/RecipeKit

Integrate different content providers in Listy using our guides and tools.

Primary LanguageJavaScriptOtherNOASSERTION

Listy logo

Listy's RecipeKit

Listy is a mobile app that allows you to keep track of your favorite things in a private and organized manner. The app lets you create lists to store your favorite movies, books, TV shows, links, video games, and wines all in one place. With Listy, you can easily manage and track your favorite things without having to navigate multiple apps or websites.

This public GitHub repository contains the recipes that enable the app to load information from different internet sources, this code is open and allows you to collaborate and integrate new content providers for Lisy using our guides and tools.

About

This RecipeKit is a step based system for dynamic scrapping that guides the App in the process of extracting information from different webpages to enrich your content in Listy.

This proposal is based on Selenium IDE, the web testing tool, and uses some of its commands.

Understanding Recipes in Listy

In Listy, a recipe is a step-by-step process that enables the app to extract relevant information of a particular type from any websites. These recipes guide the app to obtain the desired data and seamlessly add it to your lists, making the process automated and effortless.

This GitHub repository contains folders that categorize different types of content, such as movies, anime, books, beers, and more. Within each folder, you'll find JSON files, which represent individual recipes for extracting information of the corresponding type from a specific online resource. For instance, the "Movies" folder may include recipes for popular websites like IMDb, TMDb, and Filmaffinity.

How do Recipes work?

Recipes in Listy are comprised of a series of commands that allow the app to extract the information. These instructions guide the app in navigating to a website, identifying and clicking specific elements, and extracting relevant text to add to your lists. With these recipes in place, adding new items to your list is a simple and streamlined process, as the app automatically gathers the necessary information without you having to manually search multiple websites.

Contributing

We're thrilled to welcome you to the Listy community of developers! With your contributions, we can continue to provide a platform that helps users keep track of their favorite things in the most flexible and efficient way possible.

Creating new recipes for Listy is a great way to show your support for the project and make it even better. If you encounter any issues while using Listy, we would be grateful if you could share your feedback with us by submitting a detailed issue.

If you're ready to start contributing, simply head to our repository and create a pull request with your new recipe. Our team will review your contribution as soon as possible and provide feedback if needed.
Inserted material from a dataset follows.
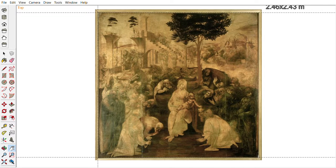This is the painting Adoration of the Magi by Leonardo da Vinci. I will now try to show you how da Vinci planned this picture.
Don't be afraid to reach out to us if you have any questions or suggestions. We're here to help and look forward to working together to make Listy even better!

Implementation details

Each recipe contains a set of instructions that have single responsibility for extracting information from specific websites or internet sources. his allows for automated data gathering and addition to lists.

Recipe Properties

  • list_type: Defines the relationship between the recipe and the content type (e.g. movie)
  • title: The title of the recipe.
  • description: Describes the purpose and details of the recipe.
  • engine_version: Ensures compatibility with different iterations, not all the engines support all the commands and all the content types.
  • url_available: An array of URLs where the recipe is able to extract data.
  • autocomplete_steps: a.k.a search commands. The array of commands used to list related content. It should enumerate content that match the user input.
  • url_steps: The array of commands used to retrieve all the specific information and hydrate an speciffic item, starting from a URL.

autocomplete_steps

The commands in this array returns to the app a list of resiuls (usually from 5 to 10) that represent content related with the INPUT query which is a string. This steps are used by the app in the add item screen of each list. And the list of properties needed are:

  • URLn: mandatory The URL that will trigger the url_steps to fetch the content.
  • TITLEn: mandatory The distinct name/title of the content.
  • SUBTITLEn: optional A piece of additional info, could be a year on a movie, the author of the book, whatever short information you consider relevant to disambiguate the list of results.
  • COVERn: optional An URL to a image representing the content.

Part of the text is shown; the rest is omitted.